Non mi accorgo di aver trattenuto il fiato finché non rilascio un lungo sospiro di sollievo.

"È strano" dice Bevin, dopo un po' di lavorìo silenzioso. "Fin da quando ero bambino, le voci sono sempre state con me. Alec mi aiuta a tenerle sotto controllo, ma nemmeno lui è mai riuscito a farle tacere. Adesso, invece... non mi sono mai sentito così solo."

"Benvenuto nel mondo dei comuni mortali."

"Non mi piace. Come fate a resistere? C'è da impazzirne."

"Pensa un po', tutti gli altri sono convinti che il matto qui sia tu. Perfino Farkas, che ti conosce da cinque minuti."

"Le voci sono ciò che resta delle volontà e delle coscienze della mia ascendenza maschile e della mia discendenza. Quando mi parlano, vedo il circolo infinito di cui faccio parte, riesco a scorgere la ruota dell'eterno divenire. Intuisco il senso della mia vita. Capisco il mio ruolo nel mondo e lo accetto." La voce di Bevin cresce d'intensità e s'incrina. "Ora le voci tacciono, e io mi sento perso nel deserto."

"Pensa a tagliare queste corde. Vedrai che ti sembrerà tutto più bello, quando saremo di nuovo liberi."

Lui non insiste. Percepisco la sua frustrazione negli scatti dei suoi movimenti, ma la ignoro deliberatamente. Mi concentro sulla sensazione delle corde sempre più deboli attorno ai miei polsi.

Mi sfugge un gemito sollevato quando la canapa cede e i legacci precipitano a terra. Sciolgo le braccia indolenzite e mi massaggio la pelle, su cui già si erano formate vesciche da sfregamento.

Bevin mi porge le mani. "Ora tocca a te.
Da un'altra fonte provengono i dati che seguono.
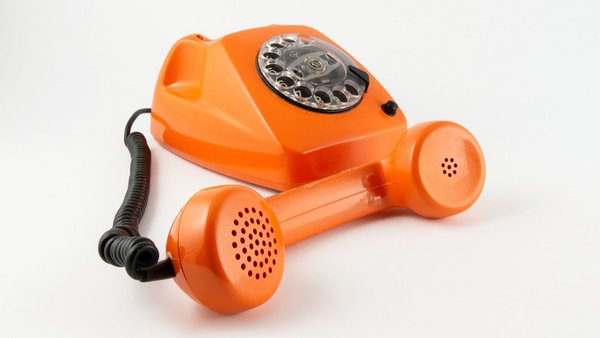 Orangenes Retro-Telefon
Liberami."

Lo osservo e mi limito a riprendermi la scheggia. "Per queste ci vogliono delle chiavi, oppure qualcuno che possa maneggiare un oggetto più appropriato di un pezzo di vetro. Dovrai tenerle ancora per un po'."

Almeno finché non avrò trovato il modo di mettere l'oceano tra me e te.

Lui si adombra e incassa ancora di più il collo tra le spalle. Deve aver deciso di trasformarsi in una palla al piede, ma sempre meglio così che arrabbiato con me.

Mi alzo in piedi e misuro la stanza in cui ci troviamo. Un vecchio ripostiglio, forse, senza finestre né porte diverse da quella attraverso cui siamo entrati. Solo quattro pareti lisce, un soffitto e un pavimento.

Sto ancora valutando il da farsi, quando dei passi si avvicinano alla porta. Una scarica di tensione mi attraversa. Perfino gli occhi spenti di Bevin si illuminano per una frazione di secondo.

Una chiave gira nella serratura. I cardini cigolano.

Le pulsazioni sono tamburi nelle mie vene.

Annullo tutti i pensieri e mi avvento sulla figura che si staglia sulla soglia.